The motion to quash purported service of summons upon Inland Steel Company through service upon Sirene is therefore granted.

The next service of process which occurred in this case was properly made upon Inland Steel Company at its home office in Chicago, Illinois, under 15 U.S.C.A. § 22, and raises no question of validity provided there is jurisdiction over Inland Steel Company.

The Motion To Dismiss For Lack Of Jurisdiction And Improper Venue

Defendant points out that the complaint in this case does not refer to 15 U.S.C.A. § 22, Clayton Act, § 12, which provides the broadest jurisdictional basis for antitrust suits, and seeks instead to predicate jurisdiction over defendant Inland Steel Company on the narrower jurisdictional basis of 15 U.S.C.A. § 15, Clayton Act, § 4. It should be clear by this time, however, that the jurisdiction of this court is not to be determined by the niceties of pleading. This is a civil anti-trust action. Congress has provided that:

"Any suit * * * under the antitrust laws against a corporation may be brought not only in the judicial district whereof it is an inhabitant, but also in any district wherein it may be found or transacts business; * * *." 15 U.S.C.A. § 22.

The clear intent of Congress in expanding the jurisdiction of district courts beyond the previous bounds of 15 U.S.C.A. § 15 found expression in the addition of the phrase "not only in the judicial district whereof it is an inhabitant, but also in any district wherein it may be found or transacts business; * * *." 15 U.S.C.A. § 22. Eastman Kodak Co. v. Southern Photo Material Co., 1927, 273 U.S. 359, 47 S.Ct. 400, 71 L.Ed. 684. Such clear Congressional intent is not to be frustrated by any lack of artistry in plaintiff's pleading.
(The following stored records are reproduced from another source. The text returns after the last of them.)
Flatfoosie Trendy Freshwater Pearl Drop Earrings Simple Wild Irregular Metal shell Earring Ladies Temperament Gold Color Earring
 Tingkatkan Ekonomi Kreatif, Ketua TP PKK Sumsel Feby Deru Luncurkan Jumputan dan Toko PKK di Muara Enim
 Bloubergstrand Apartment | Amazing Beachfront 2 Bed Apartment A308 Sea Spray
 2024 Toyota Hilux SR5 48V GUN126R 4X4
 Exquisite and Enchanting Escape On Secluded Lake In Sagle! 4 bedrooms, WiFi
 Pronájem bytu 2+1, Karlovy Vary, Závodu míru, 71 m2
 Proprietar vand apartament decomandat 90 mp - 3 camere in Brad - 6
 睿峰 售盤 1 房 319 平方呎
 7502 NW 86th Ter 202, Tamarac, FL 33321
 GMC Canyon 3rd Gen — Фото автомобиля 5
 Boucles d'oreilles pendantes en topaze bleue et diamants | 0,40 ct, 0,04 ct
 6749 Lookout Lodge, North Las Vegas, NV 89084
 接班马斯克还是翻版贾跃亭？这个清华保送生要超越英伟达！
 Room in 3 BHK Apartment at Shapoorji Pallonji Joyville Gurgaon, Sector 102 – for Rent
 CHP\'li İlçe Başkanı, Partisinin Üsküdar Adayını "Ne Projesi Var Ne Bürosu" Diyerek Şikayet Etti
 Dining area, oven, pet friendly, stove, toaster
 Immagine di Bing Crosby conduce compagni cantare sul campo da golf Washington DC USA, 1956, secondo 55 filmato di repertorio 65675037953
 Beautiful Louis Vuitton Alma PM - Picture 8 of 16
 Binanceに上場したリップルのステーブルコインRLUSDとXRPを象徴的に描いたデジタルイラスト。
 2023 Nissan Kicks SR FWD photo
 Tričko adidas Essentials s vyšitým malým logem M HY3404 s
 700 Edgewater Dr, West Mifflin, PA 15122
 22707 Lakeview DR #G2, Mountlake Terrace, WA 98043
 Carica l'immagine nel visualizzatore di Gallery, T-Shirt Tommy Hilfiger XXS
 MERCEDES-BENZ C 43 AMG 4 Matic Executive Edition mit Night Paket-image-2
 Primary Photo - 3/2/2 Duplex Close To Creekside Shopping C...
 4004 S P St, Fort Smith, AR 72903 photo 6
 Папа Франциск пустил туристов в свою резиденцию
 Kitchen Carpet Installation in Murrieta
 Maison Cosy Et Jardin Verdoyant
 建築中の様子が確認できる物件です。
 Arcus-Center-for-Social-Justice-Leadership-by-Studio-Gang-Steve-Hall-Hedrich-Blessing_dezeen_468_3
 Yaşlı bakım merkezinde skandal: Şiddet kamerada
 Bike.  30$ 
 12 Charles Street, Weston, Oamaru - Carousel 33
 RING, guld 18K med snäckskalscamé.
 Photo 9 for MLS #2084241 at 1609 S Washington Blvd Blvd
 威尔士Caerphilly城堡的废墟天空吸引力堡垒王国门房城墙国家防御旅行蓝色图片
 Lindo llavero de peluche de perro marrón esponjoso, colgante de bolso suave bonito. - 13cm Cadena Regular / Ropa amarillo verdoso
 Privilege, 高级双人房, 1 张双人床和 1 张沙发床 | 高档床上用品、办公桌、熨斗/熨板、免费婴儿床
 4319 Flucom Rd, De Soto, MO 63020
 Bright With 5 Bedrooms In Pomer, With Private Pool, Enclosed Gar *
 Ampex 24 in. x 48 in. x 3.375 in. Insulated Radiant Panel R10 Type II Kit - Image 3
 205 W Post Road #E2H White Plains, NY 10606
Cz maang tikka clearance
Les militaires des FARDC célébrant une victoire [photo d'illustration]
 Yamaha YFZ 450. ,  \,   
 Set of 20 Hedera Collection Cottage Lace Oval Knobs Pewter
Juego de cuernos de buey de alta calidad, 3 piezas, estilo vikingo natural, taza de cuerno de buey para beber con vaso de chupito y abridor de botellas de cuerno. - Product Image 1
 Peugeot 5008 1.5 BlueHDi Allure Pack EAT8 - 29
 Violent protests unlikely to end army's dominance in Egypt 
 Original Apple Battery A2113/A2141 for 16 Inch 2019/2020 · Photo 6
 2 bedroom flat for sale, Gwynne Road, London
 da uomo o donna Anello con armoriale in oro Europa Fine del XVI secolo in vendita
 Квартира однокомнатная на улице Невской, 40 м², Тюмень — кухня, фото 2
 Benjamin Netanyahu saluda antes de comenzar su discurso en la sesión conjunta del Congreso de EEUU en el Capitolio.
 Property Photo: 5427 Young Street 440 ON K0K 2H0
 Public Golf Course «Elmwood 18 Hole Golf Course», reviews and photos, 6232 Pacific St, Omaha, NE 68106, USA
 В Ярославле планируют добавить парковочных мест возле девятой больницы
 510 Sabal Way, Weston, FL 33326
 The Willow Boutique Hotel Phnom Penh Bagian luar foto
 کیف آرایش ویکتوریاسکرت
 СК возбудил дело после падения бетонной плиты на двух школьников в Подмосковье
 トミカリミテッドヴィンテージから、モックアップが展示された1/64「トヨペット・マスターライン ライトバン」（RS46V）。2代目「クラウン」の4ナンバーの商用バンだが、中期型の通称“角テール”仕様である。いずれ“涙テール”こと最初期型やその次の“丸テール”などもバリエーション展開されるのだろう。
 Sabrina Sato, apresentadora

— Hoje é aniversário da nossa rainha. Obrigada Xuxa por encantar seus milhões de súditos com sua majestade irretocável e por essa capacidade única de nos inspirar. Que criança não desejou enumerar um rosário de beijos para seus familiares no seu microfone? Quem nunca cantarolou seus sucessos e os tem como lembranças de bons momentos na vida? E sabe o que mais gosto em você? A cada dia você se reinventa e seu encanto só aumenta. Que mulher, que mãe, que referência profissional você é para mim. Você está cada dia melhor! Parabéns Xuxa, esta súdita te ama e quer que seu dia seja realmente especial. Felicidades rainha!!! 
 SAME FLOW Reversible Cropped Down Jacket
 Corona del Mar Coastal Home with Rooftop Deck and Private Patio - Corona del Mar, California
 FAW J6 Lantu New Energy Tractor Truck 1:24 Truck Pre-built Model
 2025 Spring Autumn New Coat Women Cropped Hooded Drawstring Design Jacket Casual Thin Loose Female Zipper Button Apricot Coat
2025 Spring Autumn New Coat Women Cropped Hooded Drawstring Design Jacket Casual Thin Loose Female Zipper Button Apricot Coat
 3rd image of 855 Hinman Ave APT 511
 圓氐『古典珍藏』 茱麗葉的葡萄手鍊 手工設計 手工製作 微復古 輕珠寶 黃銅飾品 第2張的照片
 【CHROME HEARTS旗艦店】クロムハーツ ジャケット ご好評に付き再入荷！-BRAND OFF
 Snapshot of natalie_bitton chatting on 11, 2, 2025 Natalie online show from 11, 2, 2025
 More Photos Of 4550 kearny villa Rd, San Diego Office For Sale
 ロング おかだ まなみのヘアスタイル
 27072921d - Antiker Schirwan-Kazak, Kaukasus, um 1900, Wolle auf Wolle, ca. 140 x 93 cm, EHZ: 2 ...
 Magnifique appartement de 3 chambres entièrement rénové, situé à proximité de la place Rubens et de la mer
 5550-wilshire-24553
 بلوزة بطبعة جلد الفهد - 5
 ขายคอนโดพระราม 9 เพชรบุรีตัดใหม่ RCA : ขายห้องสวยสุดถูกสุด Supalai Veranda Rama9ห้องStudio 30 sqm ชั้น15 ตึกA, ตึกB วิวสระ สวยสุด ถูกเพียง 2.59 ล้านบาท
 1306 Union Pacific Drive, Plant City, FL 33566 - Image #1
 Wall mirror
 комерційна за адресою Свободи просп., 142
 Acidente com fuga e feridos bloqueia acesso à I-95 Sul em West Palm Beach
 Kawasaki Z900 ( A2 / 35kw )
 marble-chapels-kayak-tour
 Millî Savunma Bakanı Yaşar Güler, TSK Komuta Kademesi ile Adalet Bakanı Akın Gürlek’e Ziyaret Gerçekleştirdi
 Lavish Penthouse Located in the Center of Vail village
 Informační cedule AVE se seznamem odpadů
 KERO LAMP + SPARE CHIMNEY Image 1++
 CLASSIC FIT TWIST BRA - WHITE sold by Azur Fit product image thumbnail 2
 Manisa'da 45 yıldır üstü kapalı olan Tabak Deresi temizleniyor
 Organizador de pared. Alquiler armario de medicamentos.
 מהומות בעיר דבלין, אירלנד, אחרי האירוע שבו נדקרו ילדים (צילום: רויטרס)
In the Eastman Kodak case, supra, the Supreme Court interpreted the Congressional mandate of 15 U.S.C.A. § 22 as follows:

"* * * a corporation is engaged in transacting business in a district, within the meaning of this section, in such sense as to establish the venue of a suit — although not present by agents carrying on business of such character and in such manner that it is 'found' therein and is amenable to local process — if in fact, in the ordinary and usual sense, it 'transacts business' therein of any substantial character. * * *
"We are further of opinion that a corporation is none the less engaged in transacting business in a district, within the meaning of this section — which deals with suits respecting unlawful restraints upon interstate trade — because of the fact that such business may be entirely interstate in character and be transacted by agents who do not reside within the district." Id., 273 U.S. at page 373, 47 S.Ct. at page 403.

The facts of the Eastman Kodak case upon the basis of which the Supreme Court held that the defendant there was "transacting business" within the meaning or the statute in question were stated as follows by the Court:

"* * * the defendant, in a continuous course of business, was engaged, not only in selling and shipping its goods to dealers within the Georgia district, but also in soliciting orders therein through its salesmen and promoting the demand for its goods through its demonstrators for the purpose of increasing its sales * * *." Id., 273 U.S. at page 374, 47 S.Ct. at page 404.

The standards to be derived from this language are not to be erected as a set of rigid prescriptions of the particular incidents of business conduct which constitute "transacting business". Thus, it may not always be essential to have solicitation by agents in the district, or the maintenance of any particular type of paraphernalia or equipment in the district. In the words of Mr. Justice Frankfurter, "Whether a corporation 'transacts business' in a particular district is a question of fact in its ordinary untechnical meaning. The answer turns on an appraisal of the unique circumstances of a particular situation." See United States v. Scophony Corp., 1948, 333 U.S. 795, concurring opinion, at page 819, 68 S.Ct. 855, at page 867, 92 L.Ed. 1091. While the Supreme Court in the Scophony case was not dealing with manufacturing and selling, it reemphasized that the test of whether a corporation was "transacting business" was meant to substitute "practical, business conceptions for the previous hair-splitting legal technicalities encrusted upon the "found" — "present" — "carrying-on-business" sequence * * *." 333 U.S. 795, at page 808, 68 S.Ct. 855, at page 862.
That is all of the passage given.